Deed, Reference to plan. Easement.
Where on a large plan, upon which streets are designated and blocks of building lots are marked out, there is left in one corner of the plan a blank space more than one hundred feet wide adjoining a railroad location and beyond the end of a certain street that is marked as fifty feet wide, so that, if the designated street were extended, as it afterwards was, at the width of fifty feet, there would be a remaining space more than fifty feet wide available for house lots, the mere fact that the space is left blank on the plan without any marks dividing it into house lots does not show necessarily an intention, in a deed conveying the house lots on the line of the extension of the street opposite the open space, which was made by a grantor who also owned the open space and referred to the plan, that this land should be left open or should be added to the width of the street,
and it properly can be found that the strip of land thus left blank on the plan simply was regarded as undeveloped land and that by the reference to the plan in the deed no easement in the strip was created by grant or implication for the benefit of the lots of land on the opposite side of the extension of the street fifty feet wide.
PETITION , filed in the Land Court on October 14, 1913, for the registration of the title to a parcel of land with the buildings thereon at Nantasket Beach in the town of Hull.

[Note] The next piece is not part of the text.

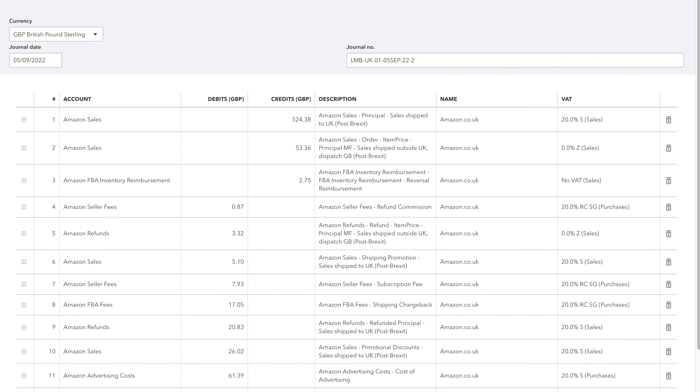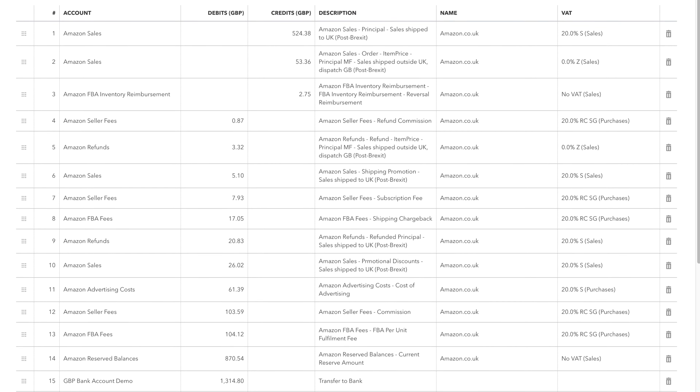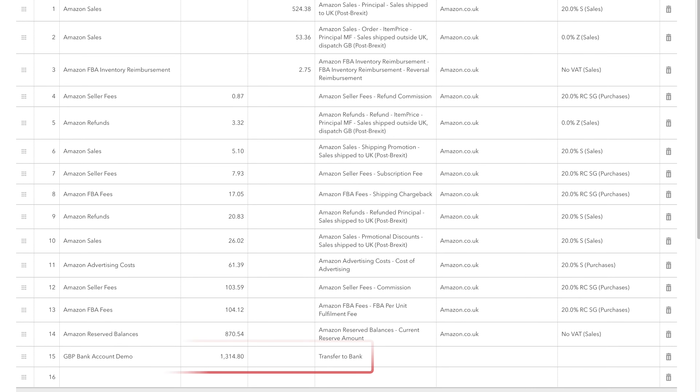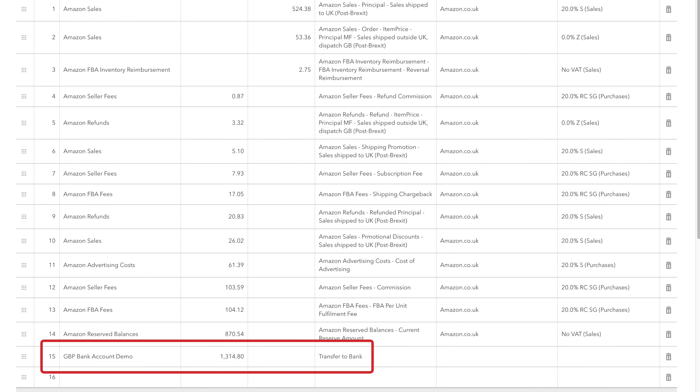Once you've sent a settlement to QuickBooks, you'll be able to reconcile the sales journal we've created against the deposit that was received into the bank account. As part of the journal we create, we add a line which transfers the exact amount of the payout into the chosen bank account that you chose during setup.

The case was heard by Davis, J., who made a decision in substance as follows:
The land in question in this case consists of a strip about four hundred and twenty feet long by fifty feet wide, and lying between A and Lewis Streets adjoining the Waveland railroad station in the town of Hull. In 1885 the Nantasket Company, which at that time owned all the land in the vicinity, recorded in the registry of deeds a plan of its land at Nantasket Beach. The following is a reduced copy of the northeasterly corner of the plan. On
the plan there is shown a way running from far to the south of the property in dispute and labelled "Manomet Avenue 50 feet wide." This way apparently stops at the southerly line of Lewis Street. Between the northerly line of Lewis Street and the southerly line of A Street there is a prolongation of the easterly line of the avenue with a block of lots to the east thereof. Westerly of this block of lots, and between it and the land of the railroad
taken for station purposes, is a blank space. Between the southwesterly corner of this block and the southeasterly corner of the railroad land, on a line with the northerly line of Lewis Street, are the figures "103.5."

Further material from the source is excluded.